I do not know if this is why, but it could explain some of the effect.
GROUNDBALLS
Last time I tested groundball BABIP (GB-BABIP), I found that
it could be predicted well using historical GB-BABIP, infield hit rate, and
contact rate. This time, I was able to
get many other significant regressors as I had more data to work with. Historical GB-BABIP again explained a large
portion of variance in GB-BABIP in subsequent years. I refined my infield hit rate statistic as I
have in other research by summing together the infield hits and the number of
times a hitter reached on an error on groundball as this eliminates some of the
noisy measurement error when official scorers decide whether to score something
an infield hit or an error. I also
included the number of triples per at-bat as a proxy for speed, which came out
quite significant as well.
Faster hitters reach base on groundballs for several
reasons. One is that they can beat out
infield hits, but another is that fielders must play in to give themselves a
better chance of throwing the runner out in time, so they can squeeze more
balls in the hole and cause more errors.
Additionally, the contact rate on pitches in the strike zone
served to be a better correlate with GB-BABIP (though now became not quite
statistically significant), as contact with pitches outside the strike zone
often causes groundballs to be weakly hit.
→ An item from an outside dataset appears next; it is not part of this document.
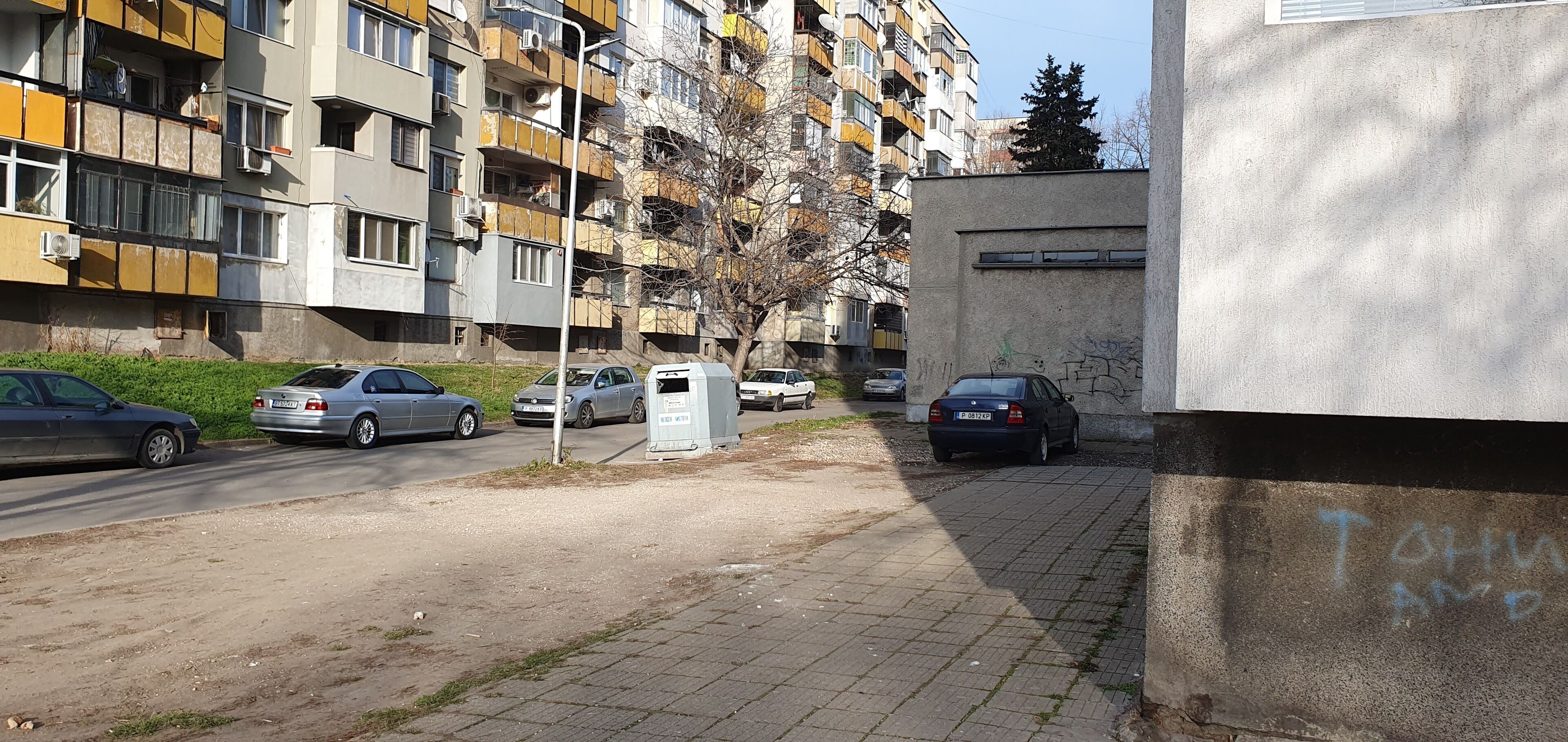 Ein mehrgeschossiges Wohngebäude mit Balkonen, geparkten Autos und einem kleinen Baum im Vordergrund.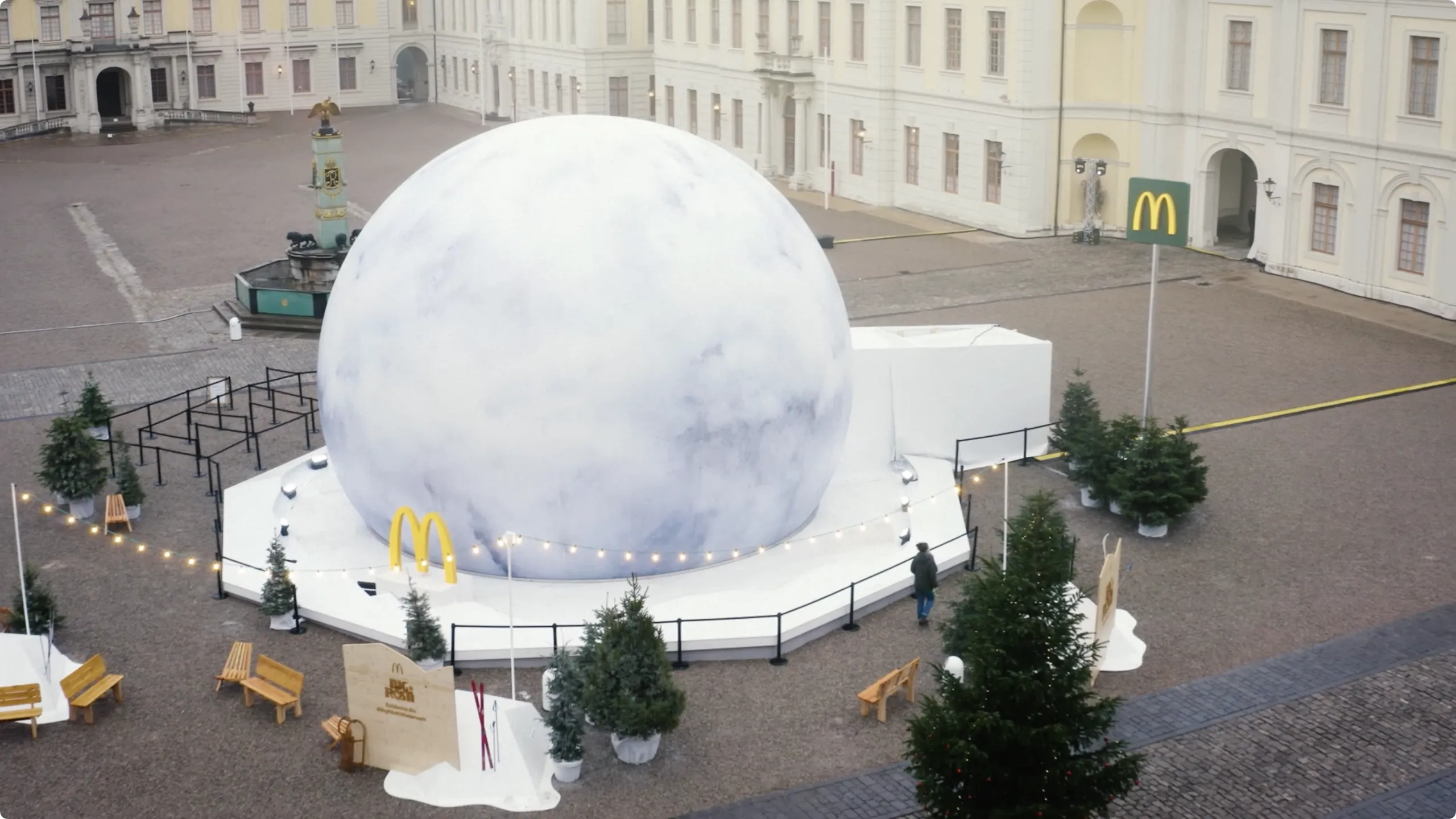Giant white sphere of the McDonald’s Wowball installation on a wintry palace square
I also introduced the rate a hitter swings at pitches in and out of the
strike zone, which have positive and negative effects, respectively. The coefficient on swinging at pitches out of
the strike zone is not statistically significant, but I include it since its correlation
with swinging at strikes is high enough that it leaves that the effect of
swinging at more pitches in the strike zone statistically insignificant
otherwise. The results yielded an
R-squared of .22, which means that 47% of the variance in groundballs can be
explained away by these variables.
Here are the regression coefficients with standard
deviations.
|
Variable |
Coefficient (Standard Deviation) |
|
GB% |
0.0739 (0.0357) |
|
GB-BABIP |
0.420 (0.0809) |
|
Reach safely/Infield GB |
0.194 (0.0936) |
|
Z-Contact% |
0.0751 (0.0509) |
|
Triples/At-bat |
0.846 (0.471) |
|
Z-Swing% |
0.0801 (0.0441) |
|
O-Swing% |
-0.0546 (0.0450) |
|
_Constant |
-0.0240 (0.0616) |
It seems that there is an ability to hit balls through the
hole, but a larger component seems to be ability to reach safely on balls hit
in the infield (which is pretty much based on speed). Good strike zone judgment seems to avoid
chopping balls into the ground. Hitters
who hit more groundballs actually are more likely to keep up their groundball
BABIP, surprisingly enough.
LINE DRIVES
As I have mentioned before, BABIP on line drives is mostly
related to luck. There is clearly a
positive correlation with BABIP on line drives and power. This is especially true for ability to hit
line drive doubles. Hitters who hit a
lot of line drive doubles are more likely to hit a lot of homeruns than other
hitters with similar homerun tendencies historically, but this effect also
works the other way. Hitters who hit a
lot of homeruns have far higher BABIP on line drives. In my previous research, hitters who had high
BABIPs on line drives in previous seasons were not any more likely than other hitters with similar
homerun rates in previous seasons to have high BABIPs on line drives in subsequent seasons, but there seems to be a
positive (though not statistically significant) effect of previously high
LD-BABIPs as well as previously high LD%.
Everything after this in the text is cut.